Even before Shaquille O’Neal began his performance as DJ Diesel on Thursday night at Mémoire, the new nightclub at Encore Boston Harbor, the NBA legend made his presence known.
Around 11:15 p.m., a large cheer emanated from the second-floor poker tables as Shaq walked through, waving and cracking smiles with his sizable entourage. The Big Aristotle (or Big Shamrock, as he goes by in Boston) may have only played one season for the Celtics, but the gamblers treated him like a local lifer.
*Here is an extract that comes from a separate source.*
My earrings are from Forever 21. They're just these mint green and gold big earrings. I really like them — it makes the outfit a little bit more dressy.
“I thought it was Antoine Walker,” said one seated at a nearby table, briefly confusing O’Neal for the former Celtics power forward.
Meanwhile, downstairs at the casino floor’s main bar, Bruins players Charlie McAvoy and Sean Kuraly were able to order drinks in comparatively incognito fashion, a fringe benefit of not being 7-foot-1 and rolling with a crew of 15.
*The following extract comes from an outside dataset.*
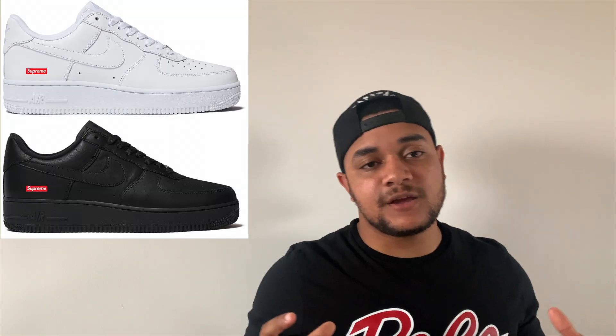Also worth mentioning are the Nike Air Force One Supremes. These are always restocking and very clean. The hype for these will never die and they're always a great cop. That's it for the video today, guys.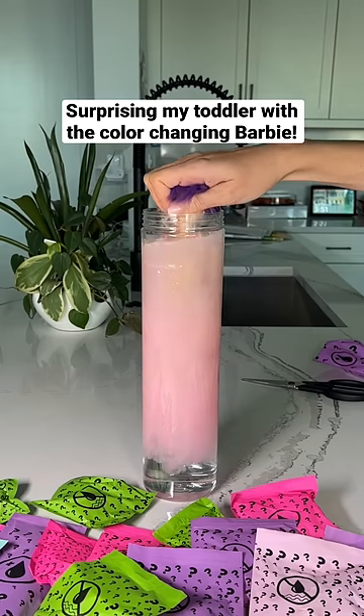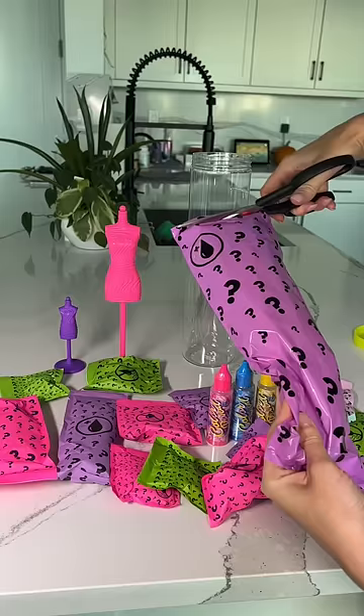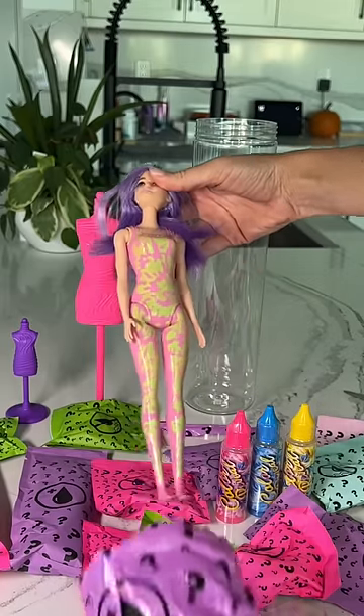Today I'm testing out the color-changing Barbie to surprise my 34-month-old toddler with. This comes with so many mystery items, and first I took out the Barbie.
Inside the 600-person-capacity Mémoire, O’Neal decided to hang out in the VIP area next to the performance stand for a full hour before his set began. Most artists spend time before a show relaxing backstage, but O’Neal was a man of the people, making sure to do multiple laps around the edge of the roped-off space to pose for photos with many of the fans in attendance.
Shortly after O’Neal started his set at 12:30 a.m., however, he was ready for the photos to stop and the crowd to focus.
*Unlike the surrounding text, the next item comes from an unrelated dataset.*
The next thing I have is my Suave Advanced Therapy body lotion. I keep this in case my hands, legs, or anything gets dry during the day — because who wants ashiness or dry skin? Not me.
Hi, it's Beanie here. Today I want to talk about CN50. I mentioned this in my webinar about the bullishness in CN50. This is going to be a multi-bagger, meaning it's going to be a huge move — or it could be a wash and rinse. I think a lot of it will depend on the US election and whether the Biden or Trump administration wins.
“Put those [expletive] cameras down,” O’Neal, clad in a black tank top, growled into the mic. “We’re here to party.”
While clubgoers never really stopped taking photos and videos, they certainly obliged O’Neal’s request to party. The big man threw down a bass-heavy dubstep set, and made liberal use of Mémoire’s laser light system, 450-inch LED wall, and overhead fog cannons.
Along with ear-shattering club bangers, O’Neal would occasionally mix in a portion of an incongruous song for the crowd to sing along to, like Vanessa Carlton’s “A Thousand Miles” or The Killers’ “Mr. Brightside,” before dropping the bass. The crowd even broke into a few impromptu mosh pits, though Mémoire staff made sure things never got out of hand.
The enduring image of the evening was the moment O’Neal lifted a cardboard cutout of himself over his head, waving it in rhythm to the music. Grabbing the mic once more, he delivered a message that had been clear since the moment he arrived: “Big Shamrock is back.”